Ricardo García

Personal information
- Full name: Ricardo Antonio García Rodríguez
- Date of birth: 31 July 1955
- Place of birth: Puntarenas, Costa Rica
- Date of death: 12 December 2007 (aged 52)
- Place of death: Puntarenas, Costa Rica
- Position: Defender

Senior career*
- Years: Team / Apps / (Gls)
- 1976–1989: Municipal Puntarenas /  / (12)

International career
- Costa Rica / 17

= Ricardo García (footballer) =

Costa Rican footballer (1955-2007)

Ricardo Antonio García Rodríguez, also known as Sardina (31 July 1955 – 12 December 2007), was a Costa Rican professional footballer who played his entire career for Municipal Puntarenas.

==Club career==
García won the 1986 Primera Division de Costa Rica title alongside players like Leonidas Flores and Luis Galagarza with hometown club Puntarenas.
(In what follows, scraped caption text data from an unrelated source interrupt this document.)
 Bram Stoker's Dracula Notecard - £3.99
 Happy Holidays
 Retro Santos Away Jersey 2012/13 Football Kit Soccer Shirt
He alo won the second division title with them in 1976 and retired in 1989.

==International career==
He also made 17 appearances for the full Costa Rica national football team. He also played at the 1980 Olympic Games.

==Personal life and death==
García's son, also named Ricardo (Garciá Carvajal), is a professional footballer who plays for Puntarenas

García committed suicide in the El Roble district of Puntarenas on 12 December 2007.